As she went to put one of the bracelets on him, he jabbed back hard with an elbow, hitting her square in the sternum.
Liska staggered backward, seeing stars, the wind knocked out of her.
Bobby Haas spun around from the bench with something in his hand, something he had grabbed from the tools on the wall.
A hammer.
His beautiful face had darkened and twisted with rage. He came at her, swinging the hammer as hard as he could.
Liska caught a heel on some piece of lawn equipment, went down on her back, cracked her head on the garage floor. She rolled to one side just as the hammer’s blow bounced off the concrete where her head had been.
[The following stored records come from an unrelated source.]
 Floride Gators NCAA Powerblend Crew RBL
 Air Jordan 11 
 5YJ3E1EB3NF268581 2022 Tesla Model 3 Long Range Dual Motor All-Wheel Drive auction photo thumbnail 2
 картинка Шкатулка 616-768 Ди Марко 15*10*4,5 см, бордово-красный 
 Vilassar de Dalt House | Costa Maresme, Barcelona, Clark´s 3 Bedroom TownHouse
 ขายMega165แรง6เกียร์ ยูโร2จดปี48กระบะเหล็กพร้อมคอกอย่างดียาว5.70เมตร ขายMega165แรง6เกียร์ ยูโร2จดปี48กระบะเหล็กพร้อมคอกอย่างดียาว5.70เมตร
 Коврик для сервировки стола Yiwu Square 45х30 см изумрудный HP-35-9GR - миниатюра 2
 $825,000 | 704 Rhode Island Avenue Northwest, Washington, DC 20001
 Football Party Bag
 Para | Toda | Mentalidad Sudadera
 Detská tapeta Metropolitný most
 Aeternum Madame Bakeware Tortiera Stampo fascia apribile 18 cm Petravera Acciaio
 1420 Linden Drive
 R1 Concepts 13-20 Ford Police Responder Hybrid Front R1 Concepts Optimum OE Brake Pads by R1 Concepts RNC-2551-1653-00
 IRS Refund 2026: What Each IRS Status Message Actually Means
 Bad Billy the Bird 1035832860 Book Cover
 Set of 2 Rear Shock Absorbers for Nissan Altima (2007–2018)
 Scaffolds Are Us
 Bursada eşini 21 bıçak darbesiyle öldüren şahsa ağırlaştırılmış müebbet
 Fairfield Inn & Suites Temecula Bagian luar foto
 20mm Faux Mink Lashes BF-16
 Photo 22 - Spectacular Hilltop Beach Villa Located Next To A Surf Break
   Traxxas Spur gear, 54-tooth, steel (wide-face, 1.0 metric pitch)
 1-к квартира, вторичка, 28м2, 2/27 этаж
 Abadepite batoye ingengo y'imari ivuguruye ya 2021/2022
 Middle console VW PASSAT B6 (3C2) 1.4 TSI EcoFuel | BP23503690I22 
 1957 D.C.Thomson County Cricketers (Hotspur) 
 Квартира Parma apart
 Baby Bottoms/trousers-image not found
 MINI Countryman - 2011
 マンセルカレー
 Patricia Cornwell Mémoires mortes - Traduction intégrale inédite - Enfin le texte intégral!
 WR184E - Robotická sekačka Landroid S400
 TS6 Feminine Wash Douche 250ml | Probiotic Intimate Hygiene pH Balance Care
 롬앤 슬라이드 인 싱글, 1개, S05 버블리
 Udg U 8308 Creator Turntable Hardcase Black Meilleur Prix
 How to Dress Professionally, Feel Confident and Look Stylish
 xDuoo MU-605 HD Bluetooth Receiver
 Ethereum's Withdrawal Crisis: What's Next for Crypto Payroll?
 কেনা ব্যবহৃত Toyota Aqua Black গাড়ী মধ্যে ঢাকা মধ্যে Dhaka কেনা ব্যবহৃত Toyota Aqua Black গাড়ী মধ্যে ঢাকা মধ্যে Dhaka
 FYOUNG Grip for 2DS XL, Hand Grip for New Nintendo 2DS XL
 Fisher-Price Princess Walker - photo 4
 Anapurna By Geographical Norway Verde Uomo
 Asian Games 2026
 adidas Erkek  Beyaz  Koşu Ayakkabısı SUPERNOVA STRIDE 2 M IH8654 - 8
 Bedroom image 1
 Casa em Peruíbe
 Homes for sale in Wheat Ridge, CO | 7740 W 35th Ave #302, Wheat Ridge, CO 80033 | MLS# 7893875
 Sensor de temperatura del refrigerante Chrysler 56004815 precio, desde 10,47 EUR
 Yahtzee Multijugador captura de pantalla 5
Making it to her hands and knees, she scrambled under the handles of a wheelbarrow and shot forward, gaining her feet.
The hammer hit the wheelbarrow and it rang like a Chinese gong.
“You fucking bitch,” he said, but he didn’t shout.
That frightened her almost as much as his actions. He was trying to kill her yet had the presence of mind not to shout, not to be heard by a neighbor or by his father inside the house.
He kept coming with the hammer.
Liska rounded a bicycle and shoved it into his path.
His eyes were absolutely black. Flat black, bottomless, emotionless. Like a snake, like a shark, like a killer.
She pulled her weapon, but he was so close she barely had it out of the shoulder holster before he was on her.